(Records from a collection)
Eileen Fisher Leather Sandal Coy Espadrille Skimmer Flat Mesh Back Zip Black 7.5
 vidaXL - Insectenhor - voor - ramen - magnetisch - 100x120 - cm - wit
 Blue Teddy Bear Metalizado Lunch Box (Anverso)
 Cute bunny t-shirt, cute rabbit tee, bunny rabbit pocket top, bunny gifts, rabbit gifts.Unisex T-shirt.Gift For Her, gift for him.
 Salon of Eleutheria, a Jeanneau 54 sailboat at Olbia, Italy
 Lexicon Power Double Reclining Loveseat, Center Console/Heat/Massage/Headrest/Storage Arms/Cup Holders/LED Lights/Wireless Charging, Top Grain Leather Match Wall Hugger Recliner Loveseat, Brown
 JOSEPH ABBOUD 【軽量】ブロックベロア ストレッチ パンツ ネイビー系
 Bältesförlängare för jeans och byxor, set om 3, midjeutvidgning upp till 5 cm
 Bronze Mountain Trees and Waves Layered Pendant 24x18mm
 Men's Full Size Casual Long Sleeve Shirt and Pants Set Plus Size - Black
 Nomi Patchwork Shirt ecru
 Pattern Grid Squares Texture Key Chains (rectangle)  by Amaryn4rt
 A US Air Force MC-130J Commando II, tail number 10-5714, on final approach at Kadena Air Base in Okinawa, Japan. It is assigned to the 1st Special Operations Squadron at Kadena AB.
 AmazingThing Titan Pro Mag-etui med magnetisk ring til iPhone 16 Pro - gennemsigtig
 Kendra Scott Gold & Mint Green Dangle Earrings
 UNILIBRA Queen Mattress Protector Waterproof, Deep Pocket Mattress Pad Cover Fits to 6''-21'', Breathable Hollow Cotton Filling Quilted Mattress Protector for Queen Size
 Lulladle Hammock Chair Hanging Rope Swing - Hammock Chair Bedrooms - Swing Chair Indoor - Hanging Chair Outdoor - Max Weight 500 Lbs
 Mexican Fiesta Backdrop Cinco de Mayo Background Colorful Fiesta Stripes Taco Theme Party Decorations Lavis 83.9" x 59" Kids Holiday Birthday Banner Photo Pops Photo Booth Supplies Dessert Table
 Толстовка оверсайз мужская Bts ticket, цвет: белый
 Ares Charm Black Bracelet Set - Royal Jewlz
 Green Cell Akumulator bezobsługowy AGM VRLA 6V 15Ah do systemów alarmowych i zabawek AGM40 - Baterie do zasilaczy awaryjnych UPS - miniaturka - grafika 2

_Problem description_.
The lines above, starting at the one with "Nomi Patchwork Shirt ecru" and ending at the one with "Pattern Grid Squares", are the only ones to return, exactly as written.

_Response_.
 Nomi Patchwork Shirt ecru
 Pattern Grid Squares Texture Key Chains (rectangle)  by Amaryn4rt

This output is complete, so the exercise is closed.